START RECORDS SUPPLIED

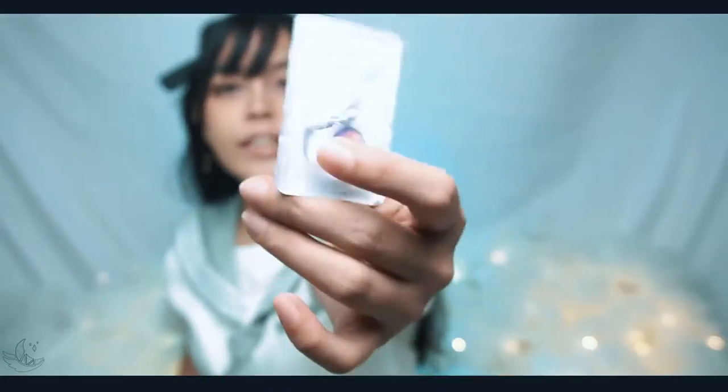Moving on to the contact lenses sponsored by beacolor.ph — again, thank you so much. Here we go: we have Card Captor Purple, so this is an ombre of purple and pink. It is kind of similar to one of the contact lenses I bought from them before, except that one is blue, which I use for Honoka. I think this will also work for a Love Live character — comment below which character you think this is most suitable for.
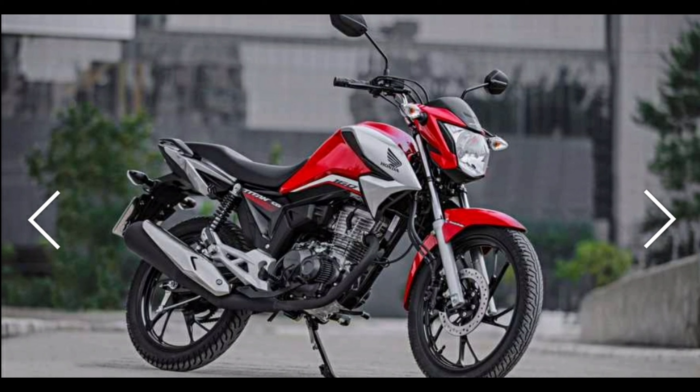O preço dela está em R$13.040. Para quem acompanhou o vídeo anterior, eu falei sobre o preço da moto e sobre as cores. É isso aí, rapaziada — espero que vocês tenham gostado do vídeo. Falei pra vocês cada detalhe da moto e qual eu achei melhor. Até o próximo vídeo, fiquem todos com Deus, até a próxima!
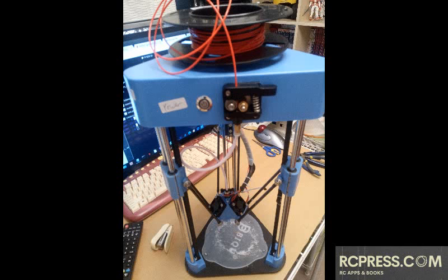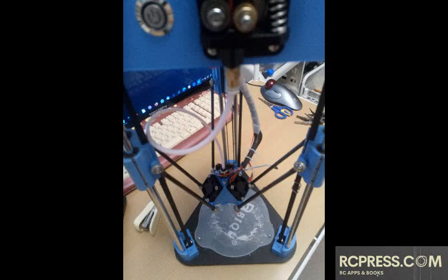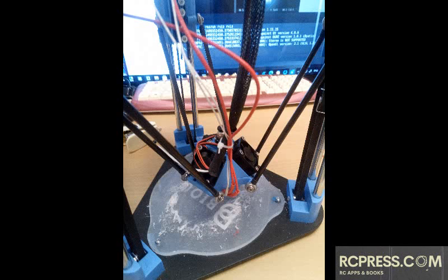Delta 3D printers are tall and thin. They have a round print bed which does not move. There is an extruder above the print bed that moves using three arms attached to individual posts located every 120 degrees to form a triangle.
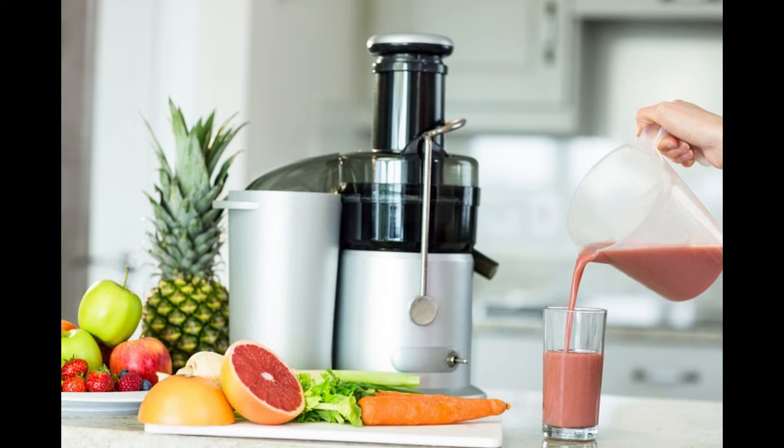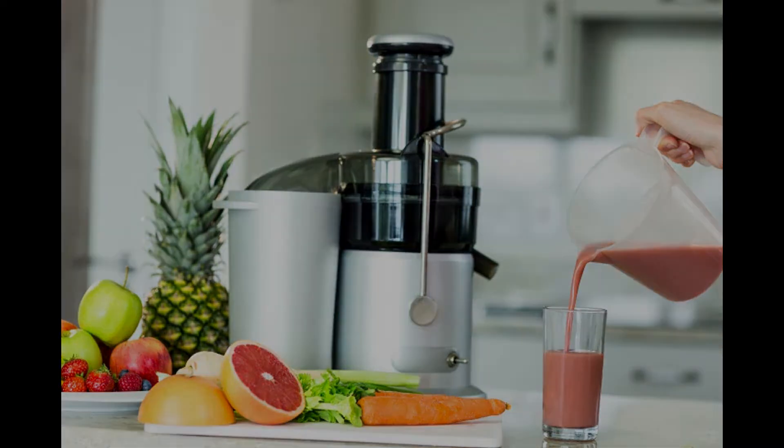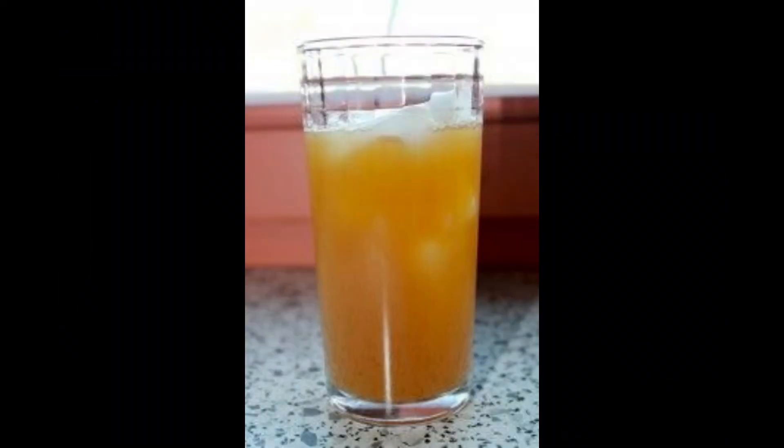Now let's see a little more on how to stop foam from forming, what to do with it if you get it, and whether or not you lose any nutrition in it. Is it safe to drink the foam on top of juice? Absolutely — there is no reason the foam would be bad for you. It's just your juice mixed with air bubbles. If you are really worried, you don't have to drink it — you won't be missing out on any nutrition by just drinking your juice. And do you lose nutrition in this foam? Not really.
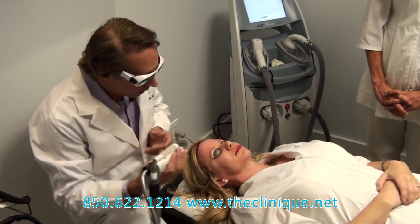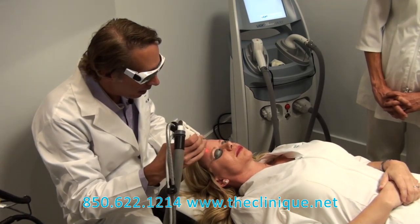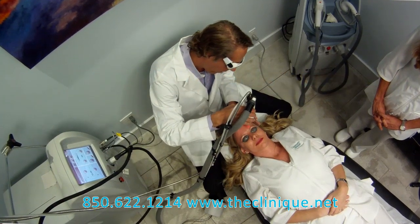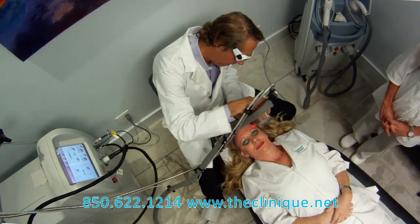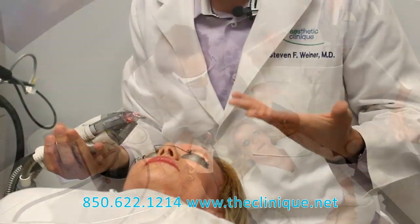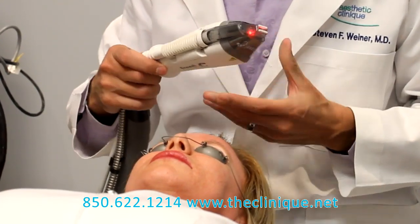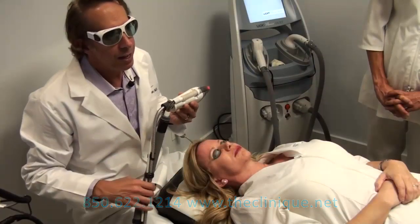It also has updated computer algorithms, so that where normally you would have to have four of these treatments, with this laser you only need three treatments. So it's more effective than the older Fraxel, as well as more comfortable because of the integrated cooling. And the combination of using the two lasers at the same time gives you a much better treatment than just the 1550, which is the older Fraxel Restore.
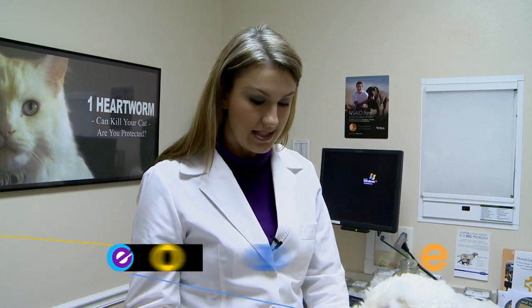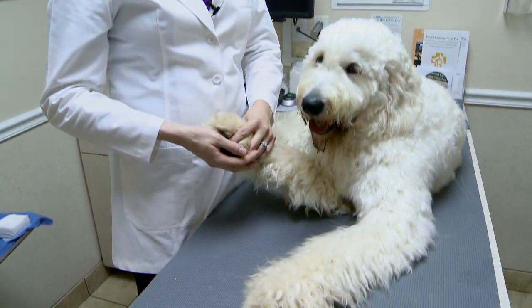A lot of times what I see is a dog will be out running in the backyard. They'll come in limping and they'll end up with a pretty bad cut.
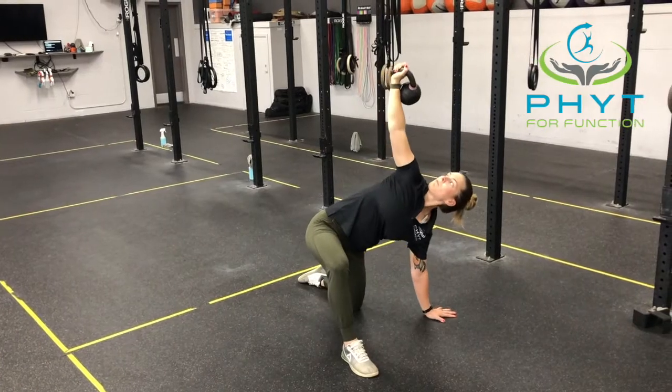If you have any questions please ask them below. Like, comment, share, or visit us at fitforfunction.com.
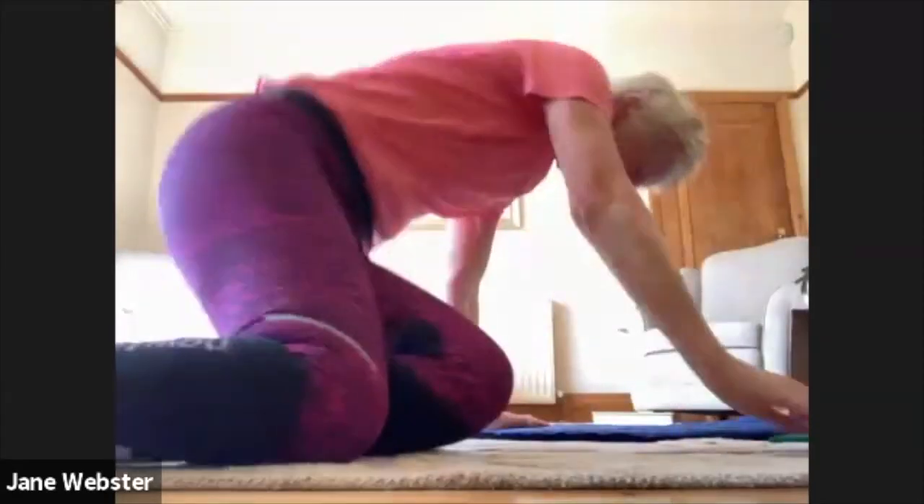Unmuting everyone - well done everybody. Just some stability work, getting those glutes going. Are you all right? Yes, it was just some stability work.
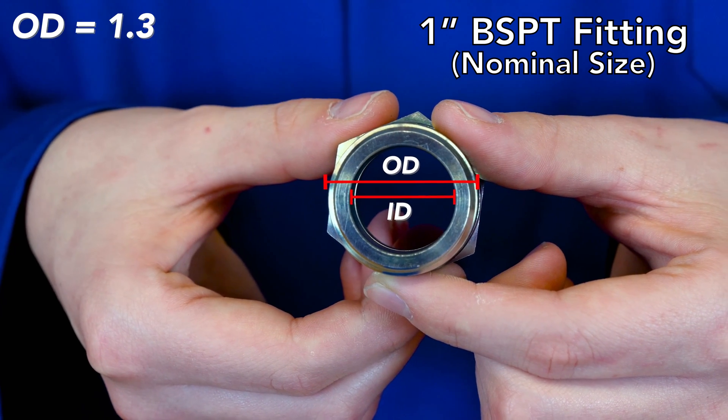To solve these shortcomings, such as orientation, on the next episode of Heads Up for Hosers we will discuss the BSPP thread. On behalf of our employee investors, thank you for spending some quality time with us Canadian hosers today, and we will see you on our next episode of Heads Up for Hosers.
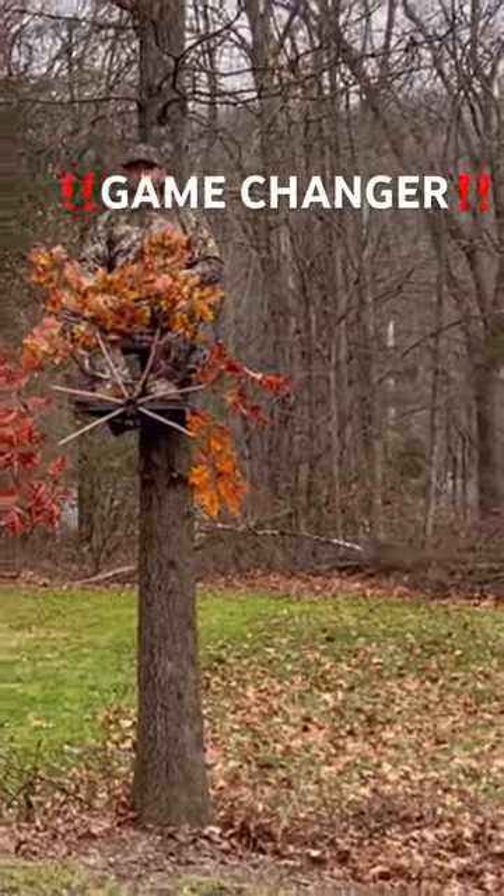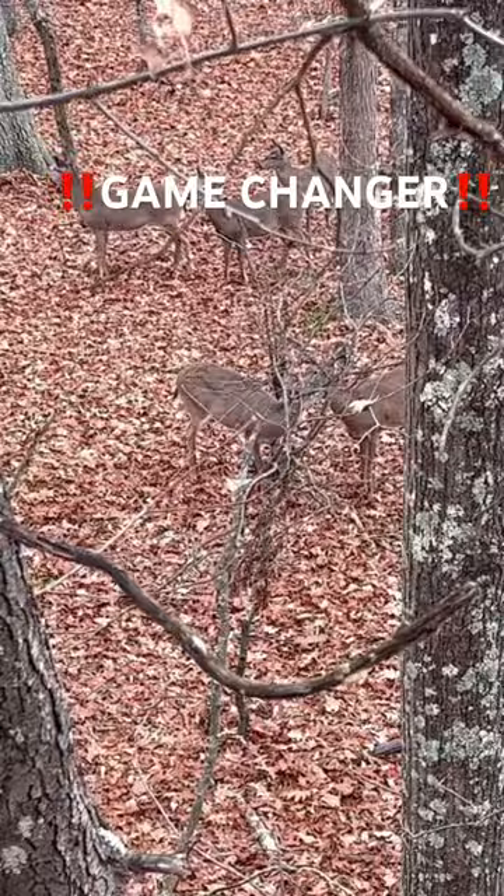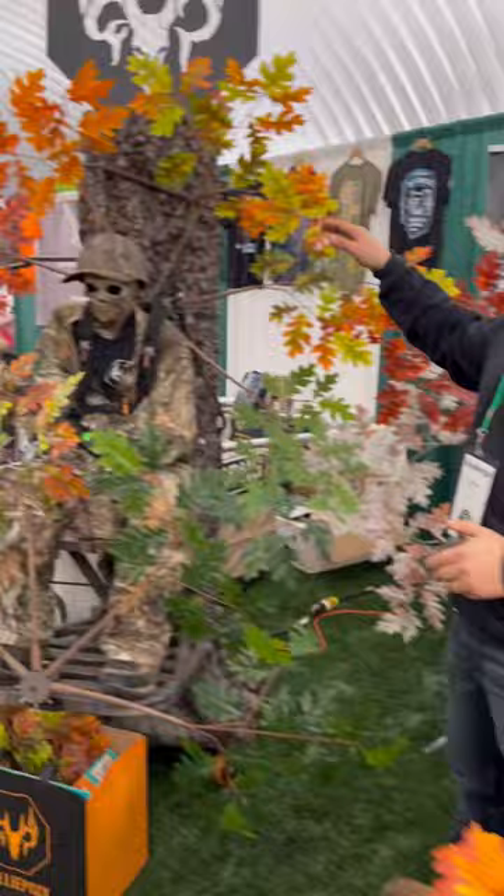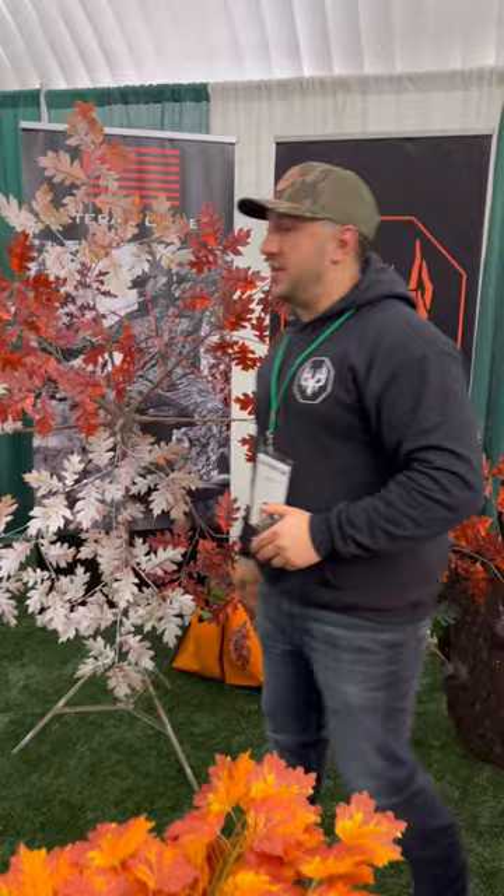Tell me you hunt with a ghillie puck without telling me you hunt with a ghillie puck. I'll go first. What's going on everybody? Rob here with Ghillie Puck. Introducing the very first completely customizable, portable, tree-to-ground camouflage system with our twist lock technology.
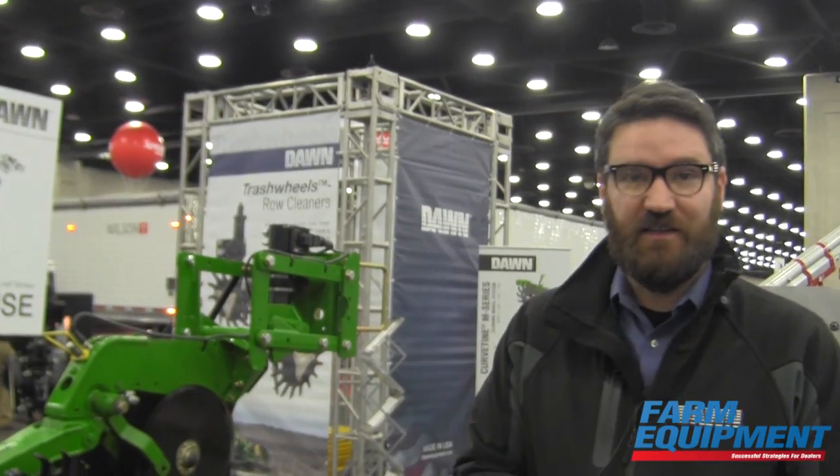Today is a really exciting day because we are introducing our next generation technology concept here at Louisville for planter down pressure control. This concept is called the Reflex system.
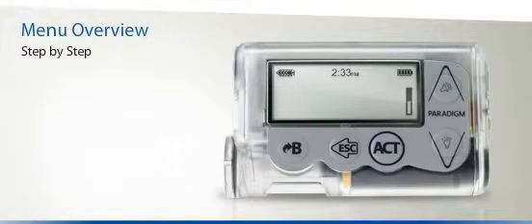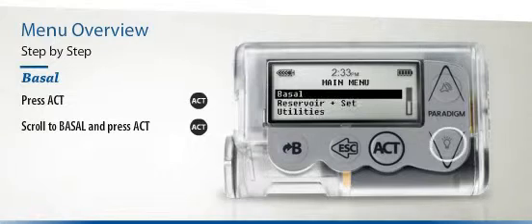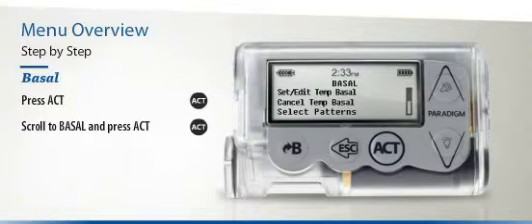Let's look at a few examples of how you can find the features and functions you are looking for. First, how do you access the Basal menu? You can begin by pressing the Act button once, then scroll to Basal and press the Act button again. You will now see the Basal menu.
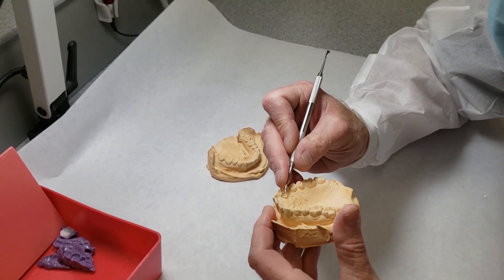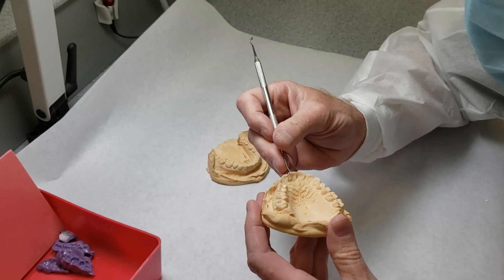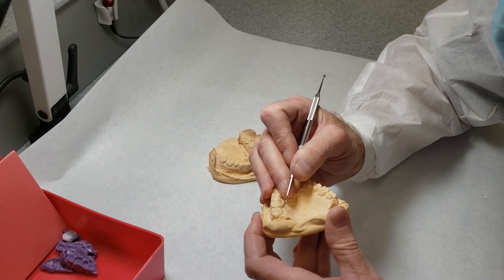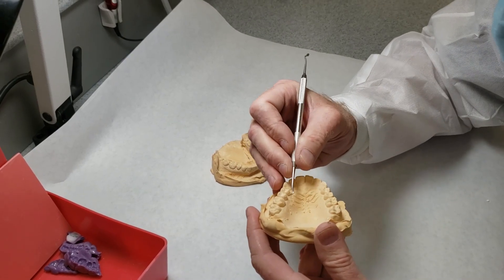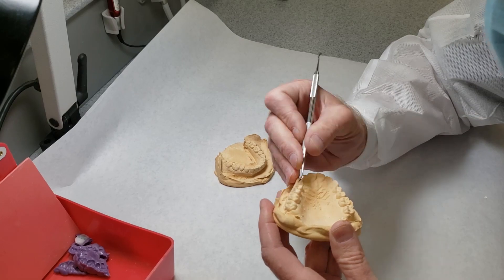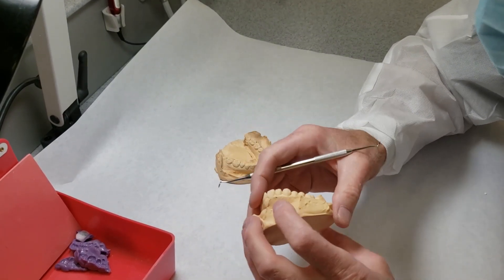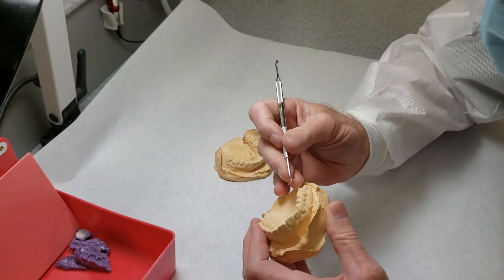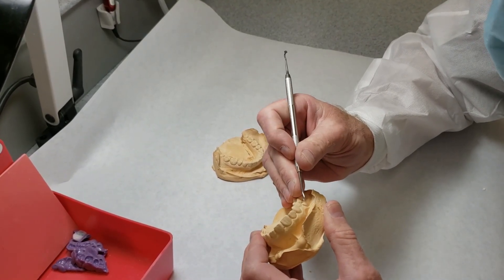The ones down on the buccal and lingual aspects are not going to be as critical when it comes to mounting accuracy, but the occlusal ones — especially if you're mounting something for crown and bridge — you're looking for something to be very, very accurate. You want to take the time to get your casts as accurate as you can.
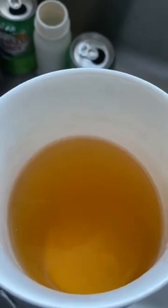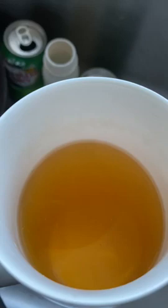So the tea is brewed and it is sort of a light orange, a very dark yellow. It's a little hard to tell in this light and I apologize, but it's sort of like a very light orange going with that.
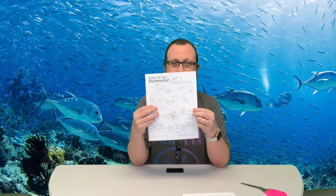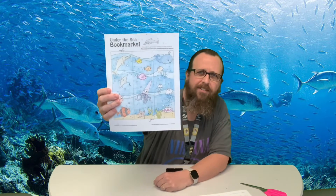Hey guys, welcome back - it is oceans week and we are here. This is a really simple craft but I just thought it was kind of fun. So we're going to get a sheet like this, it's on cardstock, it's kind of heavy, and what we're going to do is we are going to color the picture. You'll notice that there's lines - we're going to make some bookmarks. I've already colored mine here as you can see.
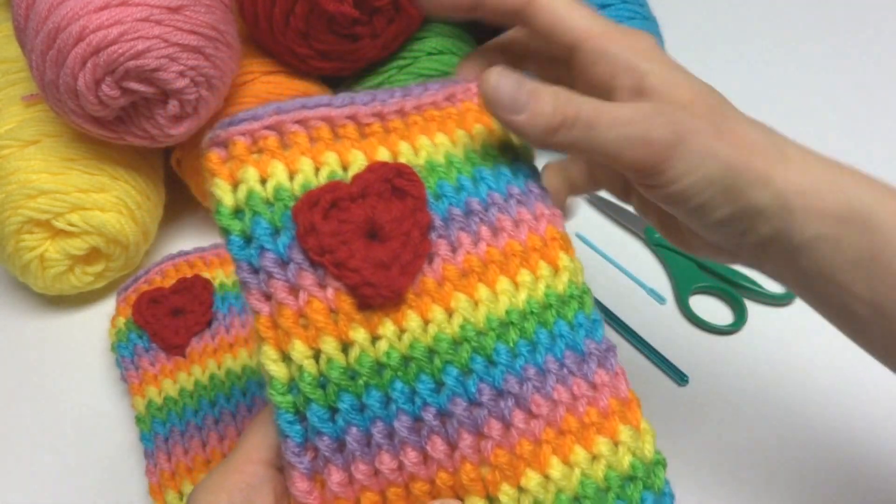We've arrived at the last round — the last round is purple. Get your purple yarn and set the pink aside. For this round we're going to be working into the stitches, so just insert your hook into one of the stitches, bring up the new yarn and tie it right on. Now we're ready for the very last round of your leg warmers.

END RECORDS SUPPLIED

WORK TO BE COMPLETED — Could you transcribe exactly the entries above, but only the lines from the one with "Delta 3D printers" through the one with "It also has", and without pictures?

EXERCISE RESULT —
Delta 3D printers are tall and thin. They have a round print bed which does not move. There is an extruder above the print bed that moves using three arms attached to individual posts located every 120 degrees to form a triangle.
Now let's see a little more on how to stop foam from forming, what to do with it if you get it, and whether or not you lose any nutrition in it. Is it safe to drink the foam on top of juice? Absolutely — there is no reason the foam would be bad for you. It's just your juice mixed with air bubbles. If you are really worried, you don't have to drink it — you won't be missing out on any nutrition by just drinking your juice. And do you lose nutrition in this foam? Not really.
It also has updated computer algorithms, so that where normally you would have to have four of these treatments, with this laser you only need three treatments. So it's more effective than the older Fraxel, as well as more comfortable because of the integrated cooling. And the combination of using the two lasers at the same time gives you a much better treatment than just the 1550, which is the older Fraxel Restore.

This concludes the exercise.